[Image-text web data]
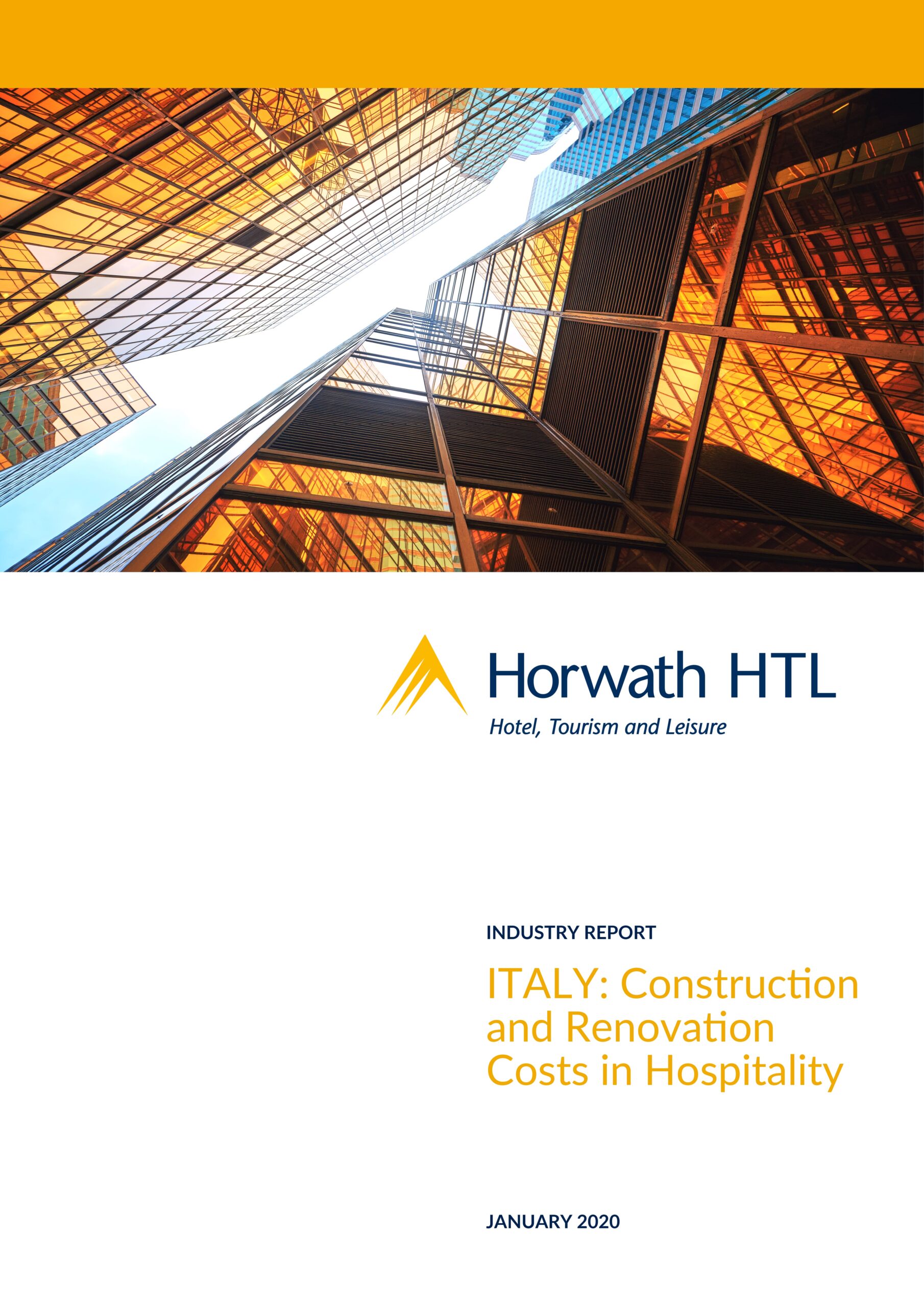 Italy: Construction and renovation costs in hospitality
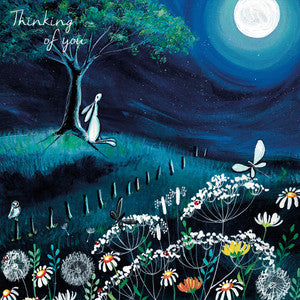 By the light of the silver moon thinking of you card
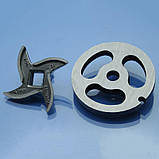 Ніж м'ясорубки Vektor AL-22C та ковбасна решітка, фото 4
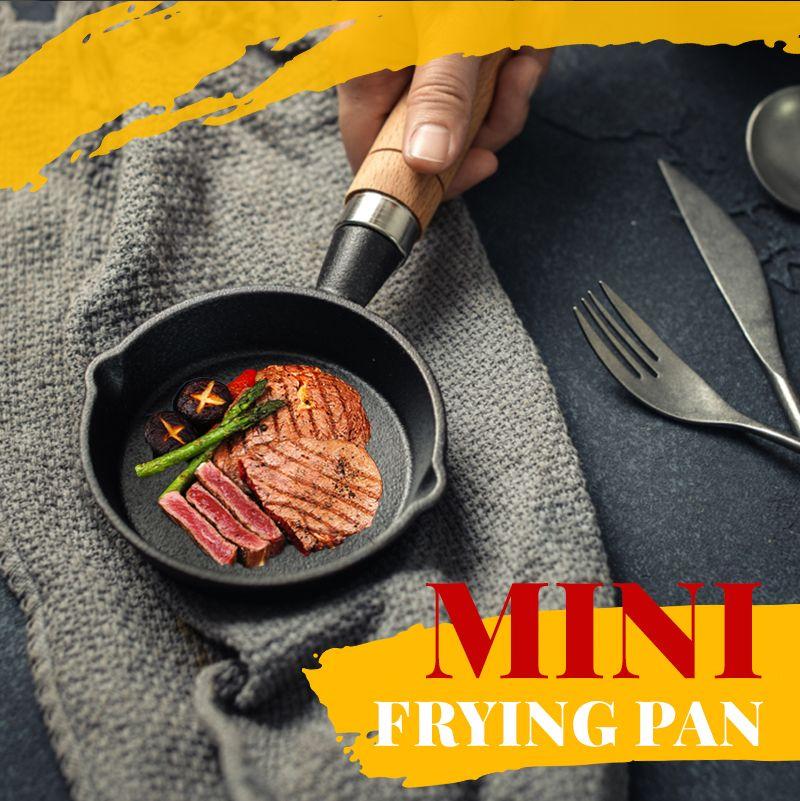 🥞Small‑Batch Cooking Hassle?🔥50% OFF｜Healthy 10cm Mini Cast Iron Non‑Stick Pan, All Stoves Compatible ✨🍳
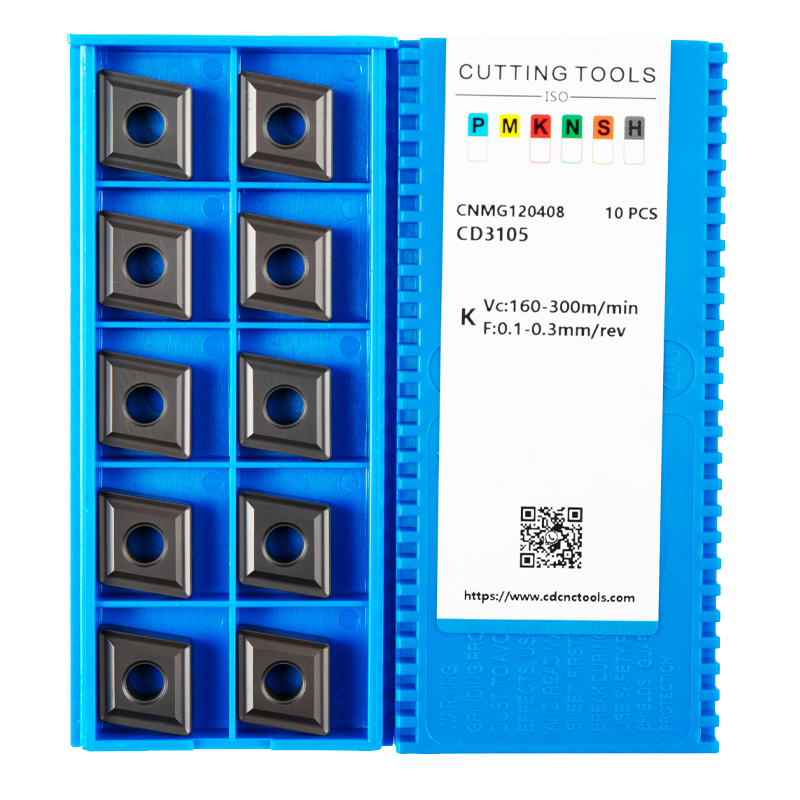 CNMG Indexable Carbide Inserts CNMG120408  CNC Lathe Turning Inserts for cast iron 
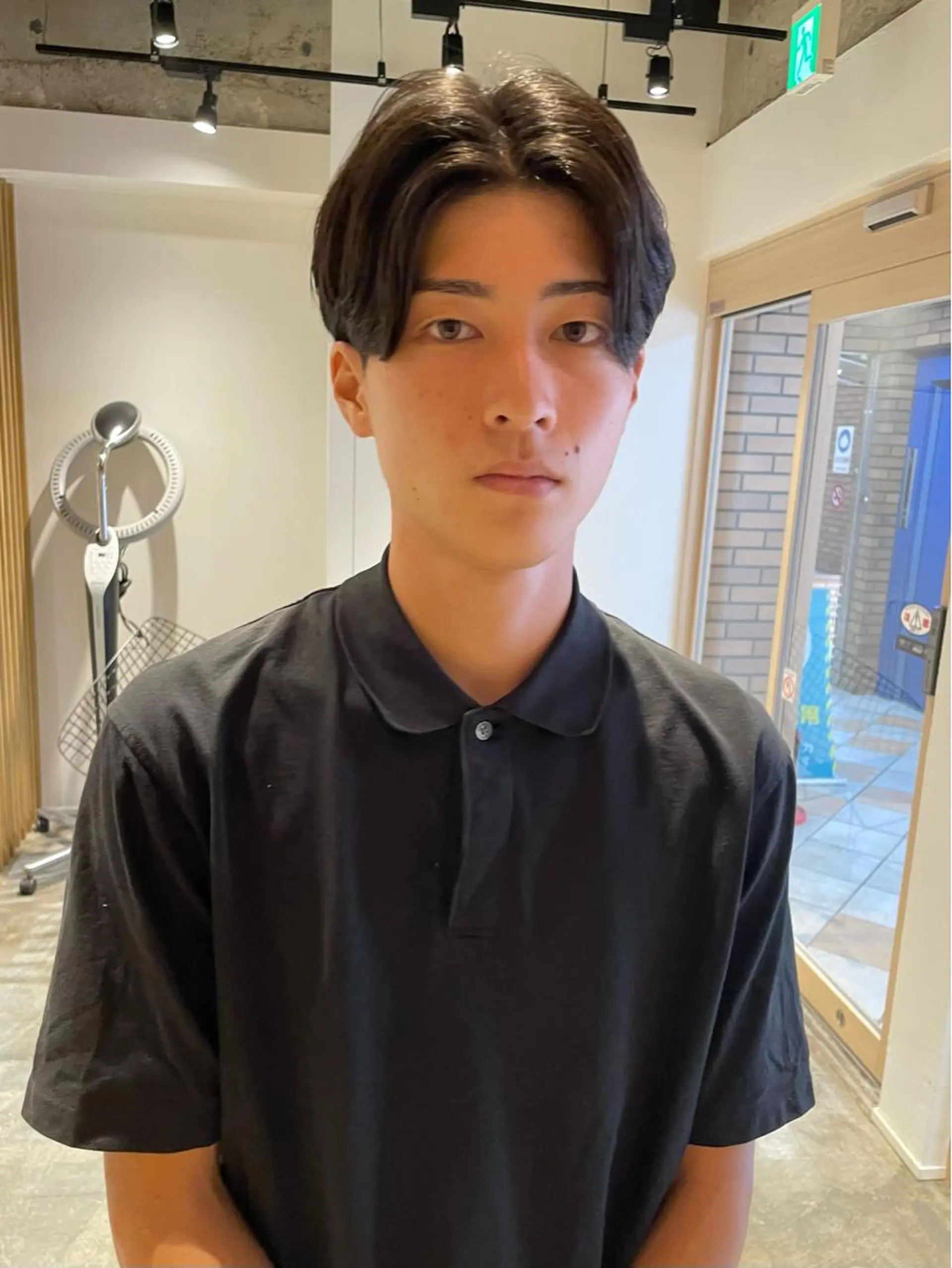 ミディアム メンズ センターパート ruki yabeのヘアスタイル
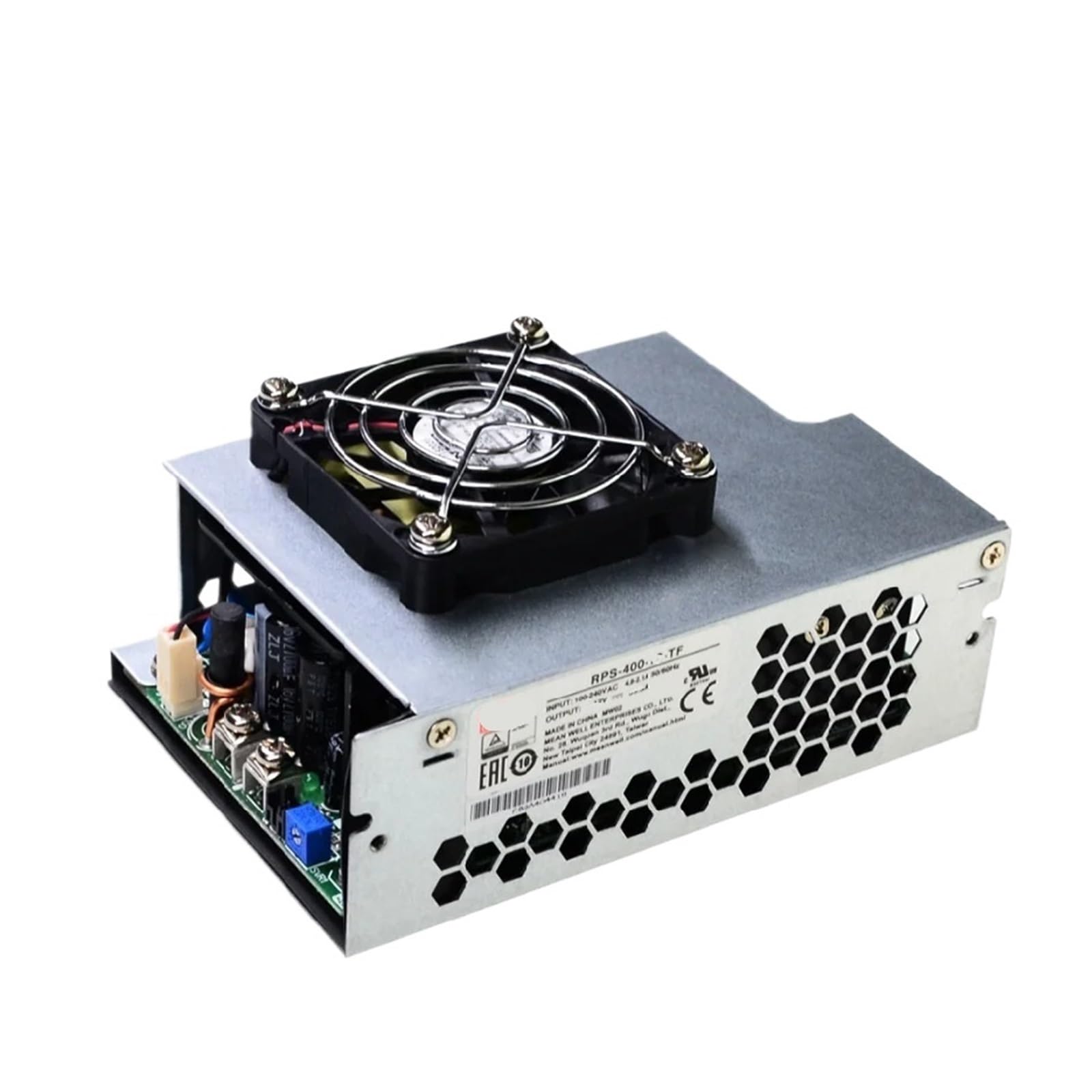 Alimentation à découpage RPS-400-12-TF compacte et régulée en boîtier fermé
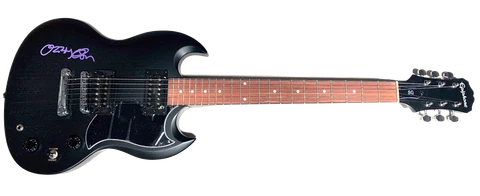 OZZY OSBOURNE SIGNED LES PAUL EPIPHONE GUITAR BECKETT BAS BLACK SABBATH 2 Cover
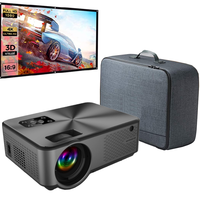 Projecteur portable Home Cinéma HD LED Mini Beamer LCD Vidéo Projecteurs 1080P Pris en charge avec un écran de 100 pouces Sac Tout-en-un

● To do
All of the lines above should be printed exactly, minus the pictures.

● Solution below
 Italy: Construction and renovation costs in hospitality
 By the light of the silver moon thinking of you card
 Ніж м'ясорубки Vektor AL-22C та ковбасна решітка, фото 4
 🥞Small‑Batch Cooking Hassle?🔥50% OFF｜Healthy 10cm Mini Cast Iron Non‑Stick Pan, All Stoves Compatible ✨🍳
 CNMG Indexable Carbide Inserts CNMG120408  CNC Lathe Turning Inserts for cast iron 
 ミディアム メンズ センターパート ruki yabeのヘアスタイル
 Alimentation à découpage RPS-400-12-TF compacte et régulée en boîtier fermé
 OZZY OSBOURNE SIGNED LES PAUL EPIPHONE GUITAR BECKETT BAS BLACK SABBATH 2 Cover
 Projecteur portable Home Cinéma HD LED Mini Beamer LCD Vidéo Projecteurs 1080P Pris en charge avec un écran de 100 pouces Sac Tout-en-un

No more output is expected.